**Assignment:**
Write every line below out again, exactly as given, but leave out the pictures.

**Recorded information:**
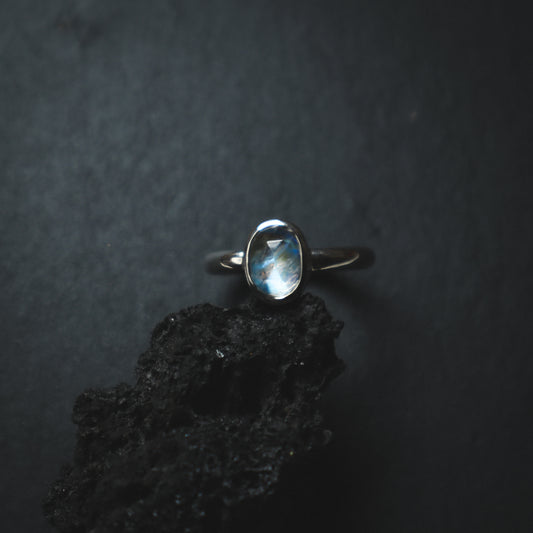 moody silver ring with a blue shine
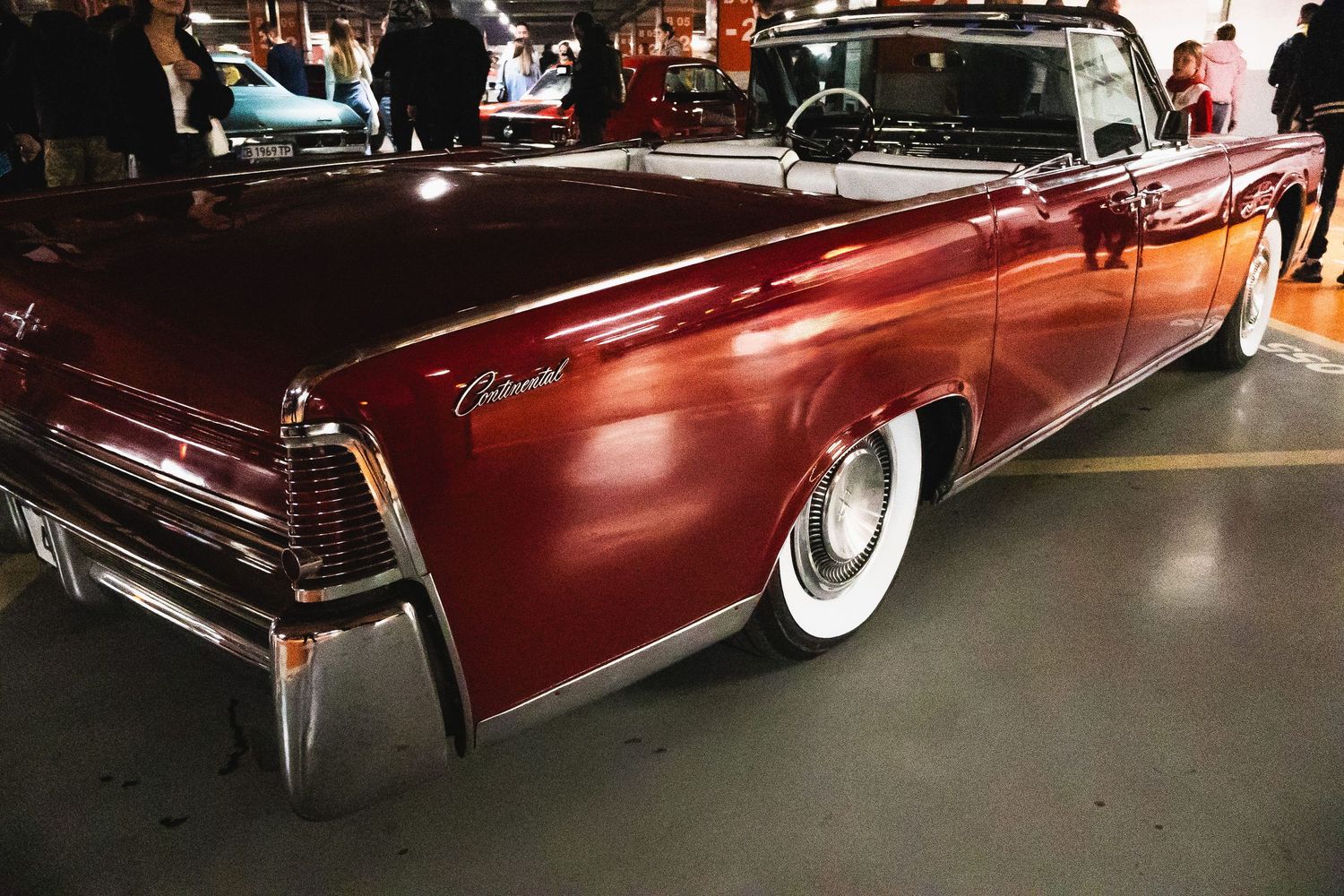 Classic red American convertible with whitewall tires at car show – automotive photography in Bulgaria.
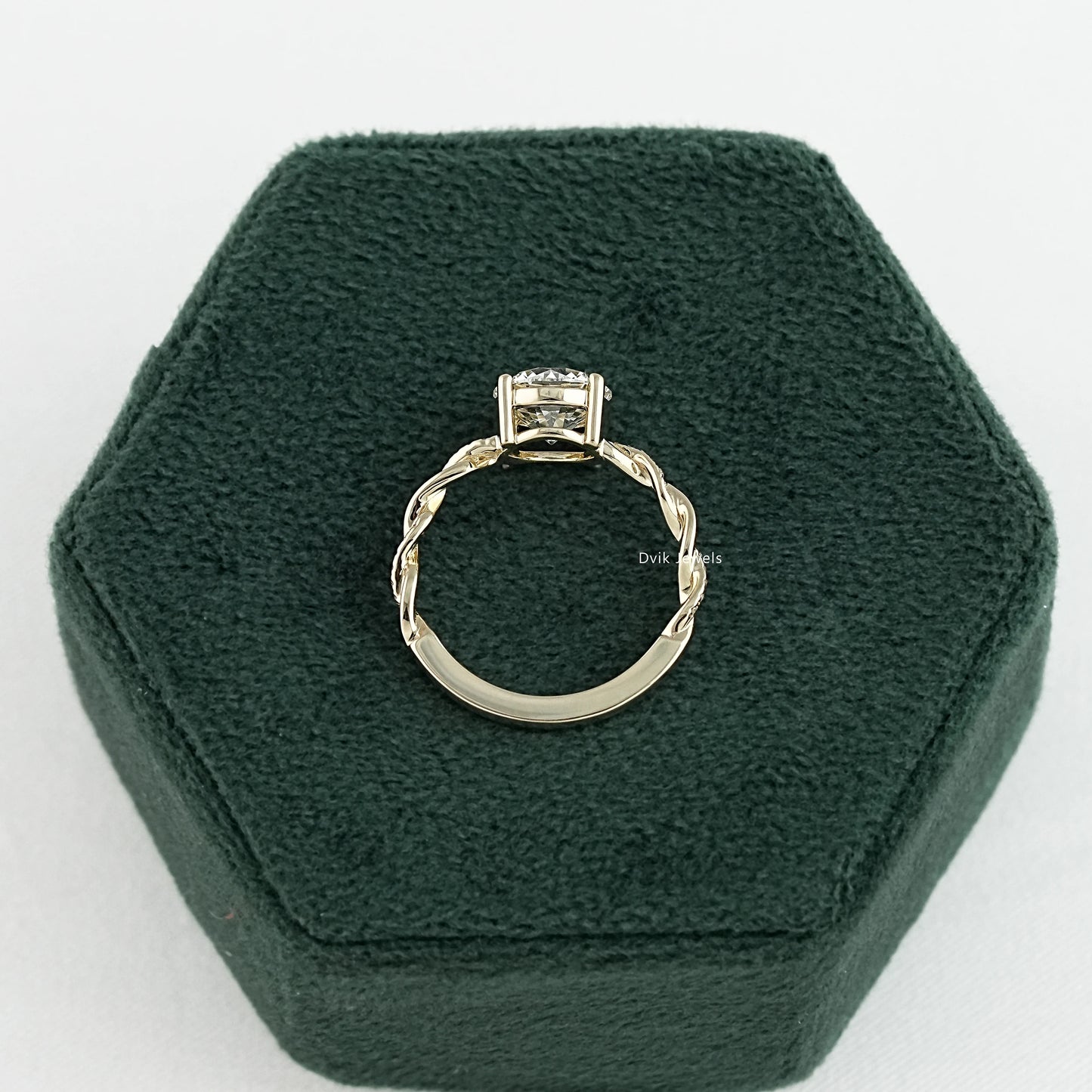 Round Cut Solitaire Engagement Ring with Twisted Diamond Band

**Your solution:**
 moody silver ring with a blue shine
 Classic red American convertible with whitewall tires at car show – automotive photography in Bulgaria.
 Round Cut Solitaire Engagement Ring with Twisted Diamond Band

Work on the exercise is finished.